His disciples of course: the twelve,
his friends Mary and Martha and Lazarus,
and the other men and women followers –
the named ones like Mary Magdalene and the ones the Bible doesn’t name.
And strangers as well, people he met on the road –
the ones the Bible carefully tells us about, and the others it doesn’t.
What if Jesus discovered, in a sense,
the Christliness God planted in him
even through interactions with Pharisees and their arguments?
What if that Christliness grew in him until it reached its zenith
in his crucifixion and resurrection –
but that all along it required relationships?
Relationships in which God inhabited the space between Jesus and other people
shaping and sanctifying all that was said, all that was done,
for God’s own purpose?
What if Jesus, in a sense, grew into God?
If that is true,
I figure it helps teach us about our lives.
Because although I know I encounter God when I am alone,
I can testify equally to encountering God in relationships,
and in the way my own story (in connection with other people’s) unfolds.
I’ll tell you one odd little story
in which I detect this sort of holy unfolding of things.
In about 2009 Grace Church learned of a legacy from the O’Hara family.
We inherited the deed to a small parcel of land on Route 17,
to be used to create a scholarship at Christopher Newport University.
The vestry duly sold the property, consulted with with the university, s
and et up a scholarship for a commuter student who kept up his or her grades.
CNU’s financial aid people would choose the student. So, we’d faithfully done our job.
Just this past month,
we received a letter from this year’s scholarship student, Maja Mastilovic,
a native of Bosnia who grew up in a war zone
before she migrated with her parents to the United States.
It was a very gracious thank-you letter,
filled with idealistic ambition to change the world, promote peace and justice,
and use her education well.
Dick Swift read the letter to the vestry, and we were deeply moved.
The next day, somebody suggested to me that we invite Maja to be our
at our September Celtic Eucharist.
It’ll be on the evening of 9/11, that 10th anniversary, and our theme is peace
I invited her, and she’s coming.

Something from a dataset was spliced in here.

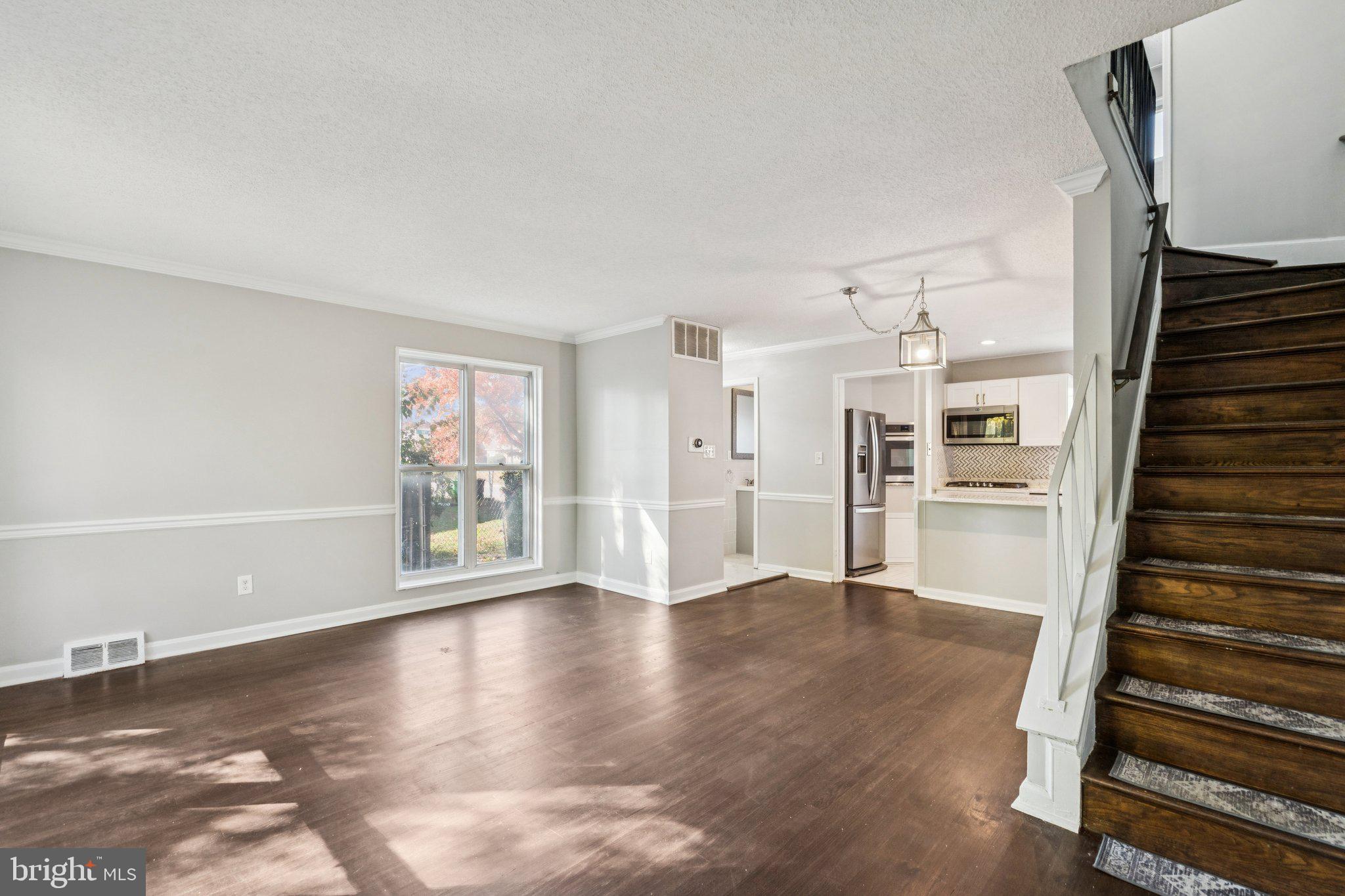 2803 Keating Street Temple Hills, MD 20748 - Photo 5 of 20 a view of a livingroom with wooden floor and stairs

Bringing her mother too.
I’ve asked the chaplain at CNU to bring some students.
You won’t be surprised if I say this:
I don’t know how the evening will unfold exactly,
but that I’m expecting the Holy Spirit to be there.
I think if you “put on the mind of Christ” as Paul puts it,
these sorts of things happen.
It’s the task of our lives to grow into God,
to open our eyes to see God in the spaces between people.
And it makes the responsibilities of being a Christian –
feeding the hungry, praying for our enemies, forgiving 770 times,
giving our money away –
it makes these things joyous and almost automatic.
And it leaves very little time to decide who the dogs are.
Because with this mind of Christ
nothing seems to be excluded.
Not people, not circumstances, not even broken things.
It’s all part of the unity of holiness.
Whether we’re young or old, limping or running,
successful or struggling,
we’re all located in God’s story.
And every one of us is invited at every moment
to live with a full heart into all God created us to be as his beloved,
in his company, and in each other’s.
Every body and every thing in the created order is included in this.
Everybody’s chosen, and nobody’s a dog under the table.
There comes to be even no dividing line between the living and the dead.
The Canaanite woman got it.
She insisted on a face-to-face with Jesus,
and he granted the deepest desire of her heart.
He will not do one molecule less for you and me.
But hold onto your hat.
The ride you go on will take you to places of glory
you can’t possibly ever imagine, in this world or the next. Amen.